You are expected to complete all the parts and show them to your tutor. Remember you must be ready for some assessment half an hour before the end of the class. These two exercises are worth 2 marks.

For all the programs, we expect that you choose informative variable names and document your program. There is also an online assessment question which is worth 1 mark. We suggest that you attempt this question after completing both parts.

Getting Started

We suggest that you create a folder called lab07 to keep all the files for this lab.

Part A: Data analysis using numpy

Among the many data sets used in climate change research, the Sea Ice Index, or the area covered by sea ice in the northern hemisphere shows particularly marked changes. There are seasonal variations across each year, and trends that span a number of years.

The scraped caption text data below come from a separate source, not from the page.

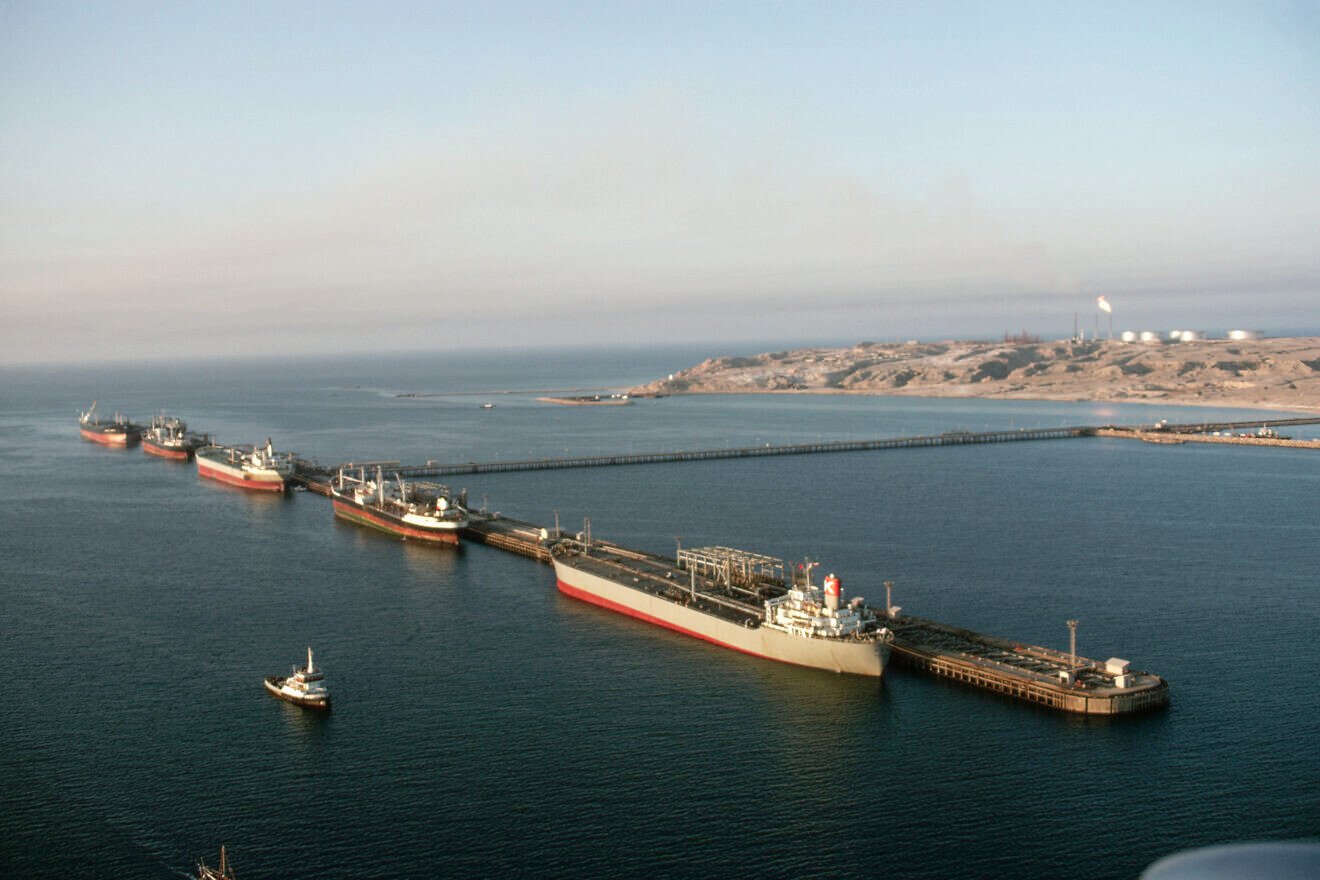 Aerial view of oil tankers at the Khark Island loading terminal at sunrise. The water is shallow in the northern end of the Persian Gulf and oil has to be piped 25 miles out to the island for loading on tankers. Iran, 1968. Photo by Dean Conger/Corbis via Getty Images.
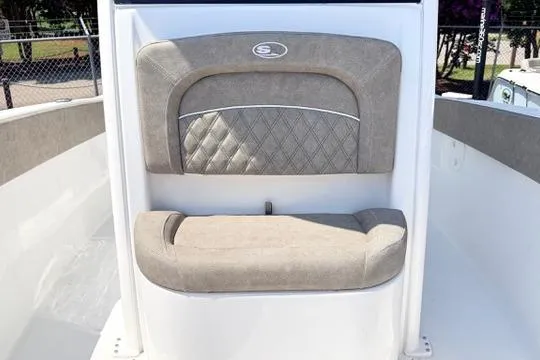Slide: The Image of 2027 Sea Hunt Ultra 245 SE boat seat with quilted design and beige upholstery. - 27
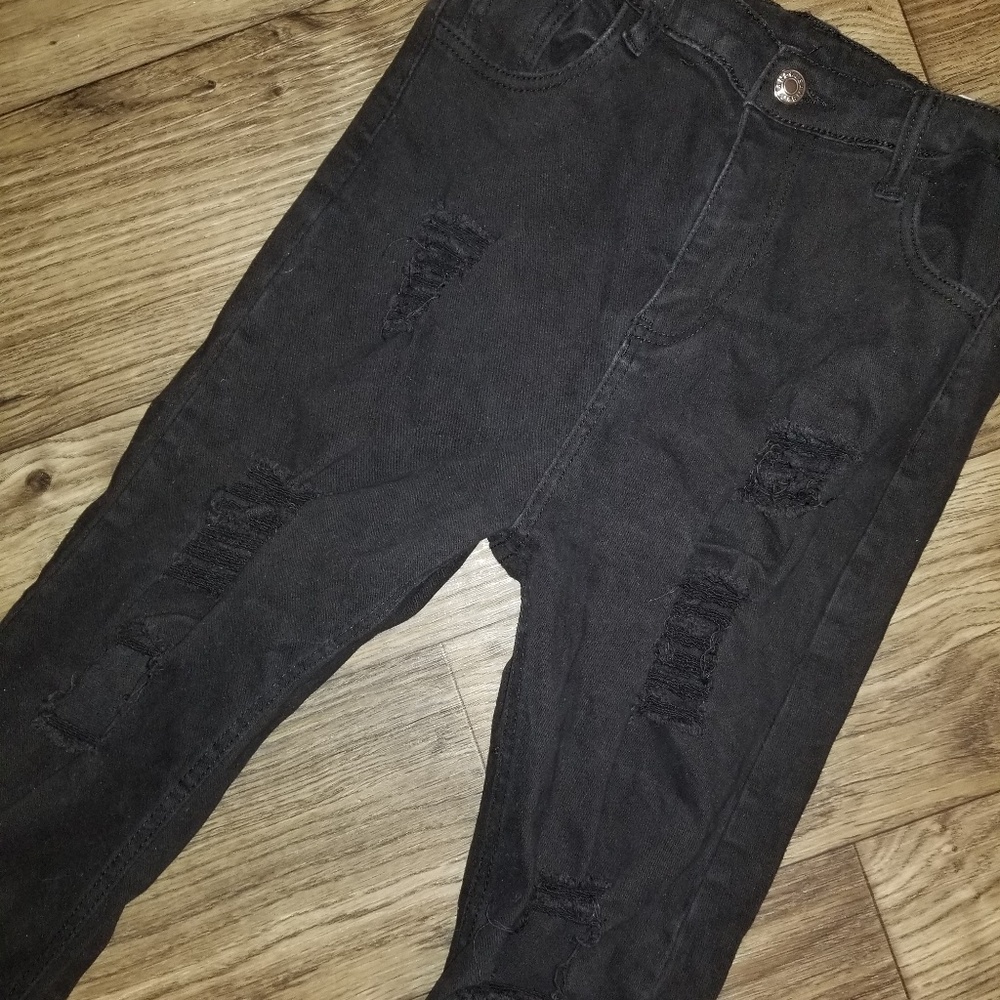 Distressed skinny jeggings
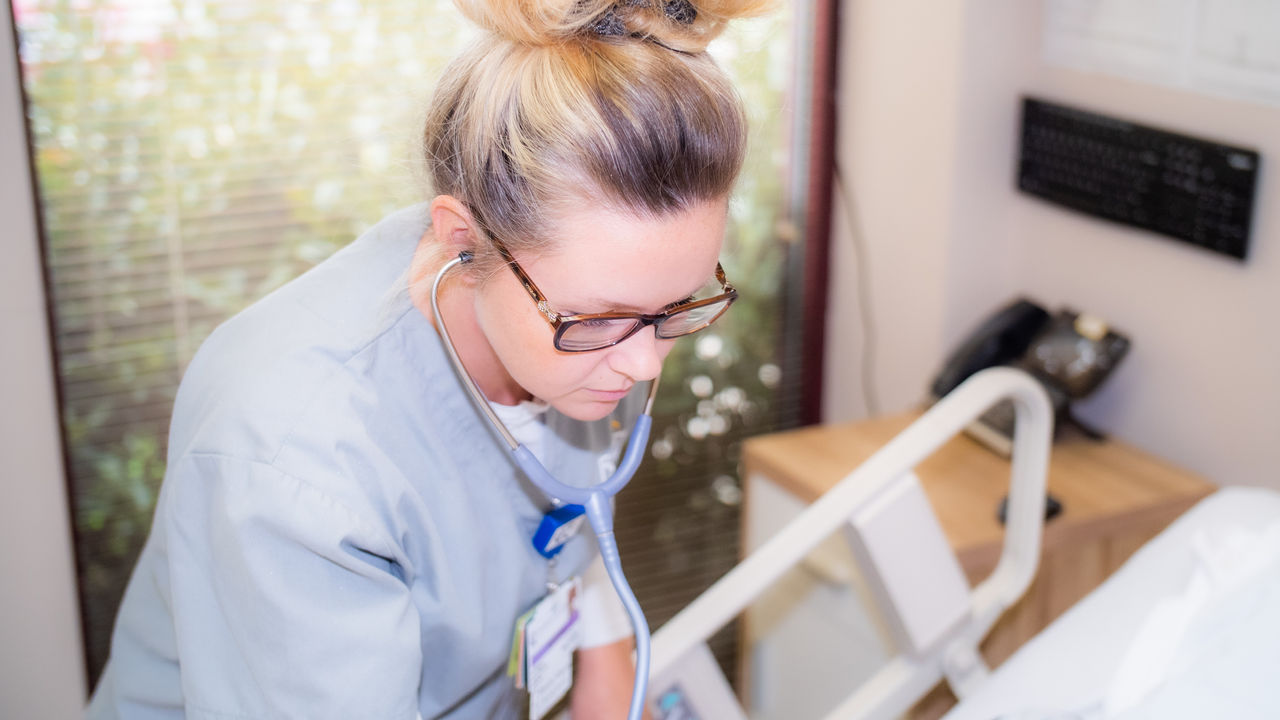 Nurse caring for patient in clinical setting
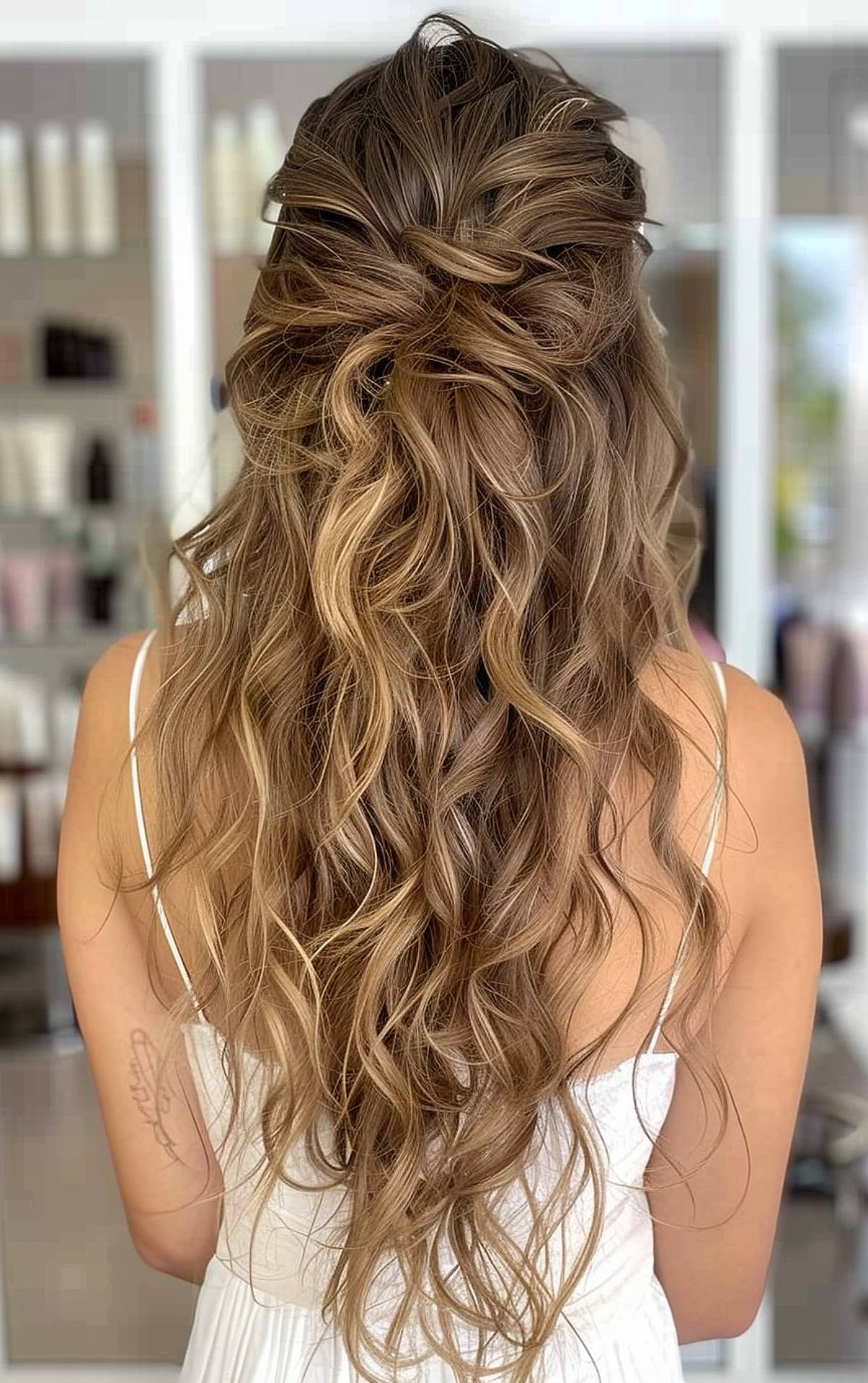 Curly formal hairstyle for long hair with half-up twist and loose waves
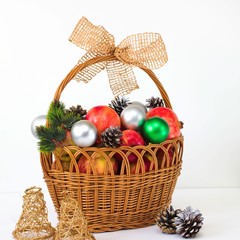 the red apples, pine cones and decorative balls in wicker brown basket on a white background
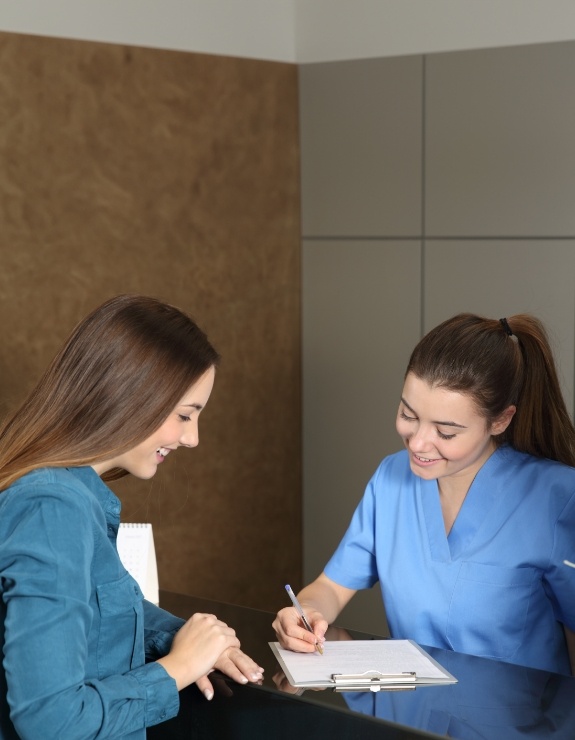 Dental team member showing a patient where to sign on clipboard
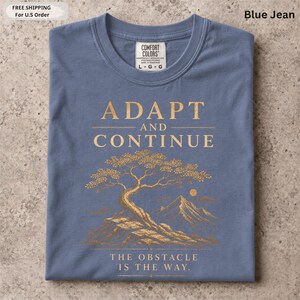 K&ouml;nnte beinhalten: Ein blaues T-Shirt mit einer goldenen Grafik eines Baumes auf einer felsigen Klippe, Bergen und einer Sonne im Hintergrund. Der Text ADAPT AND CONTINUE steht &uuml;ber dem Baum und THE OBSTACLE IS THE WAY unter dem Baum.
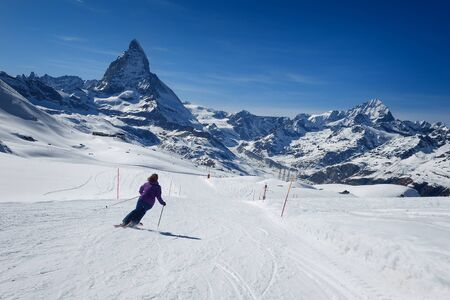 A female skier skiing without a helmet alone on the ski slope towards majestic Matterhorn mountain on a beautiful sunny day with a thick layer of snow in ski resort Zermatt, canton of Valais in Switzerland.の写真素材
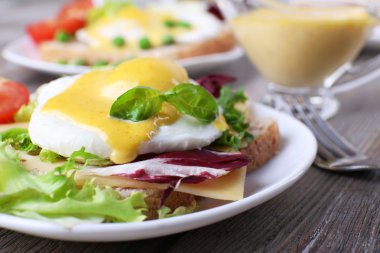 Yumurta Benedict ile tost ve ahşap masa üzerinde tabakta domates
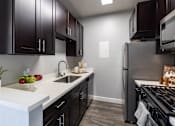 Thumbnail 2 of 54 - a kitchen with black cabinets and stainless steel appliances and a white counter top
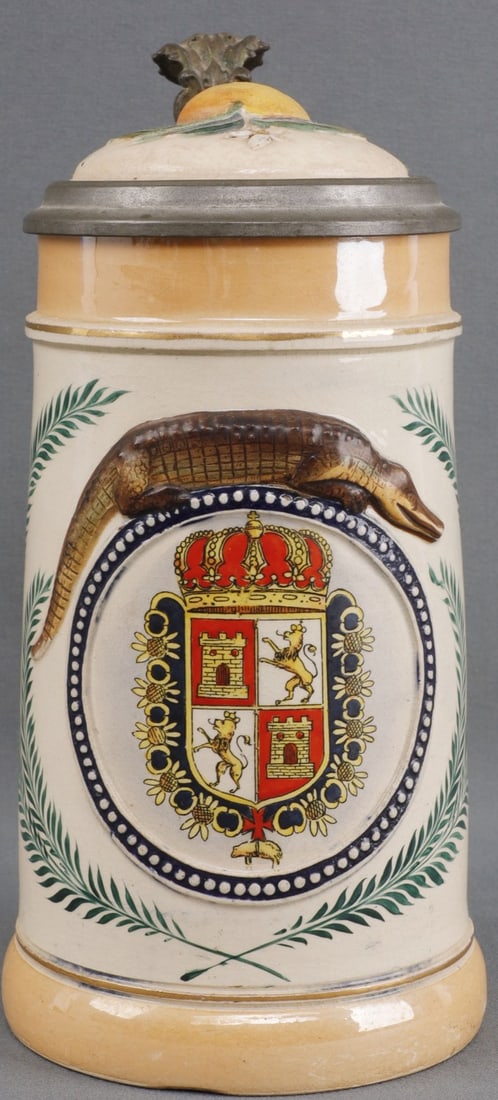 VICTORIAN ALLIGATOR HANDLE STEIN SPANISH FLORIDA: Alligator-handle glazed ceramic stein, antique souvenir of Florida with painted decoration and St. Augustine heraldic crest. Underside stamped "J.G." Height 8 inches. Very good condition. This lot has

The file sea_ice.txt (You can download this file by right clicking on the link, and choose “Download Linked File”) contains northern hemisphere total sea ice data, in units of millions of square km, between 1979 and 2013 (i.e., 35 years in total). There are 24 measurements per year, measured once every half a month. The data in sea_ice.txt has 35 rows (one row per year) and 25 columns where the first column contains the year in which the measurements in that row were taken; the half-monthly measurements are stored from the second to the last column. After you have downloaded the file sea_ice.txt, you need to make sure that it is in the directory that you had created earlier.

You will need to do a number of pre-processing steps to get the data ready. The steps are shown in the box below with yellow background. One of the first step of data analysis is always to plot the data, so you will do that.

You are asked to run these lines one by one and observe the results. The comments will also help you to understand what those commands are doing.

# Import packages

import numpy as np

import matplotlib.pyplot as plt

# Load data and store it as a numpy array called data_sea_ice

data_sea_ice = np.loadtxt(fname=”sea_ice.txt”)

# Check the shape of the numpy array

print(“The shape of the numpy array is: “, data_sea_ice.shape)

# The shape of the array is 35 x 25

# number of rows = number of years

# Each row has 25 elements:

# The first element is the year, followed by 24 measurements per year (i.e. 1 measurement per half a month)

# Print out the first row to confirm the data format

print(“The first row of data is \n”, data_sea_ice[0,:])

# We need to move the years into a different variable and then remove the years from the first column

years = data_sea_ice[:,0]; # first column, easy

data_sea_ice = np.delete(data_sea_ice, 0, axis=1) # remove the first column

print(“The shape of the numpy array is: “, data_sea_ice.shape) # should be 35 (years) x 24 (half-monthly samples)

# The following line uses a numpy function to produce the array: array([0.5, 1, 1.5, 2, …, 11.5, 12])

months = np.linspace(0.5,12,24)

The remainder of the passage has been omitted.